» **PROVIDED DATA**

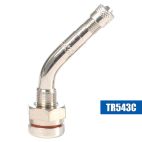 TR543 Series Alcoa O-Ring Seal Valve Stem - Choose From TR543, TR543C, TR543D, TR543E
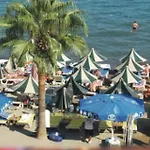 Pasa Garden Hotel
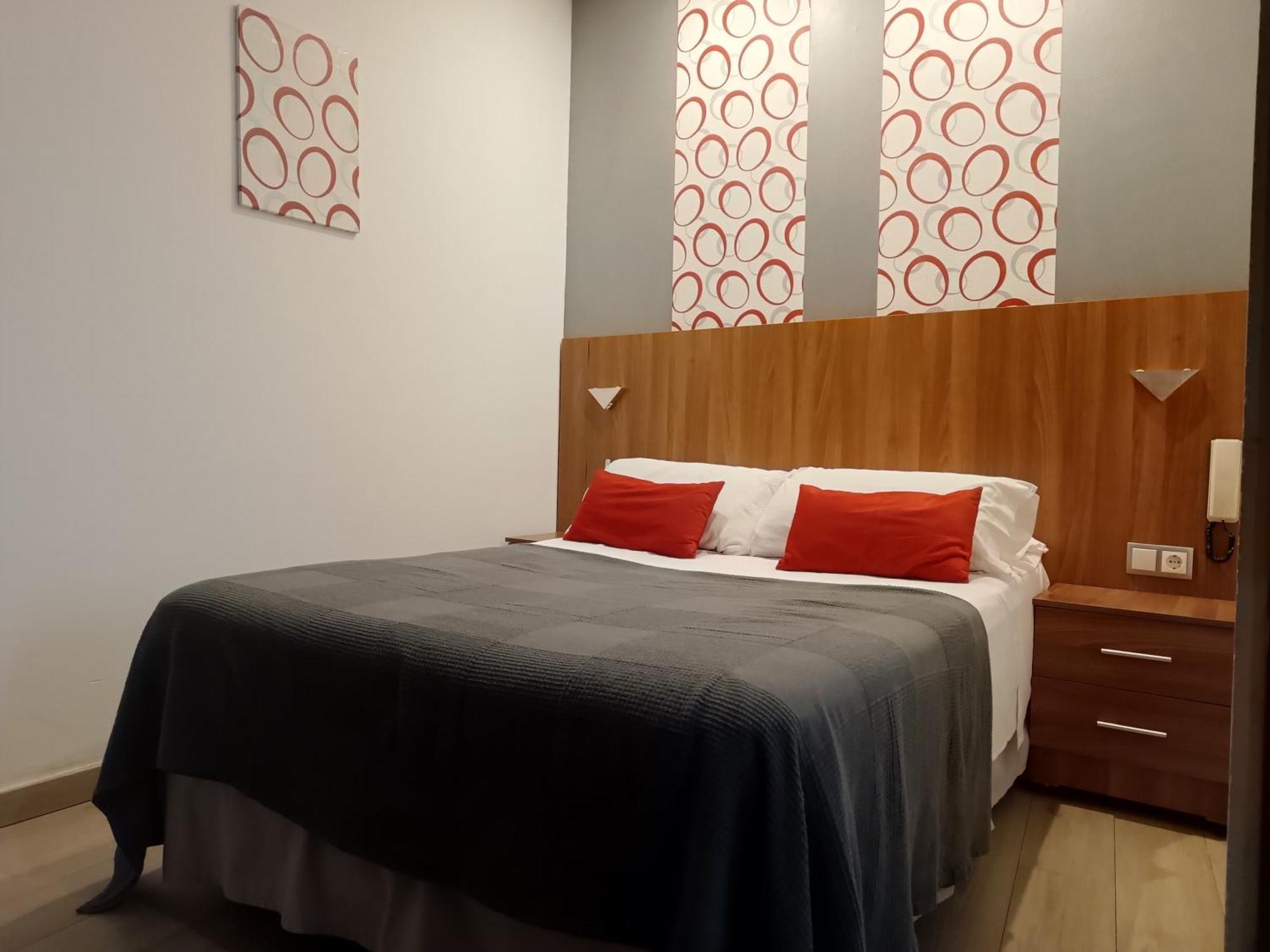 Hostal San Francisco Кадіс Екстер'єр фото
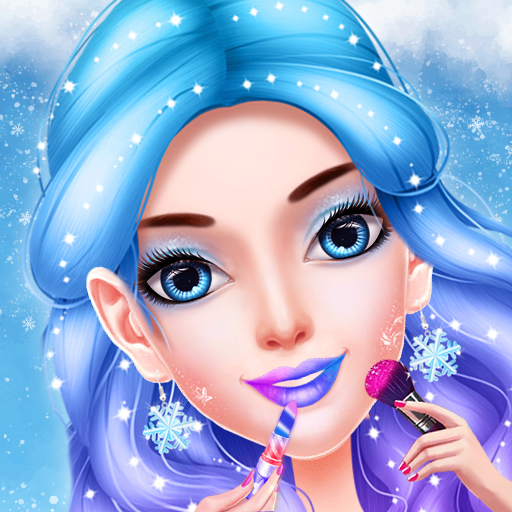 Ice Princess Wedding : Magic Princess Wedding Day icon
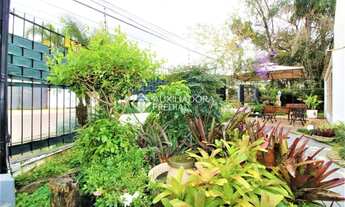 Imagem 5: PORTO ALEGRE - Casa de Condomínio - Hípica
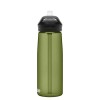 Eddy+ Camelbak Water Bottle - 0.75L(25oz) - Olive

» **PROBLEM DETAILS**
Could the listing above be transcribed exactly, with the pictures left out?

» **YOUR RESPONSE**
 TR543 Series Alcoa O-Ring Seal Valve Stem - Choose From TR543, TR543C, TR543D, TR543E
 Pasa Garden Hotel
 Hostal San Francisco Кадіс Екстер'єр фото
 Ice Princess Wedding : Magic Princess Wedding Day icon
 Imagem 5: PORTO ALEGRE - Casa de Condomínio - Hípica
 Eddy+ Camelbak Water Bottle - 0.75L(25oz) - Olive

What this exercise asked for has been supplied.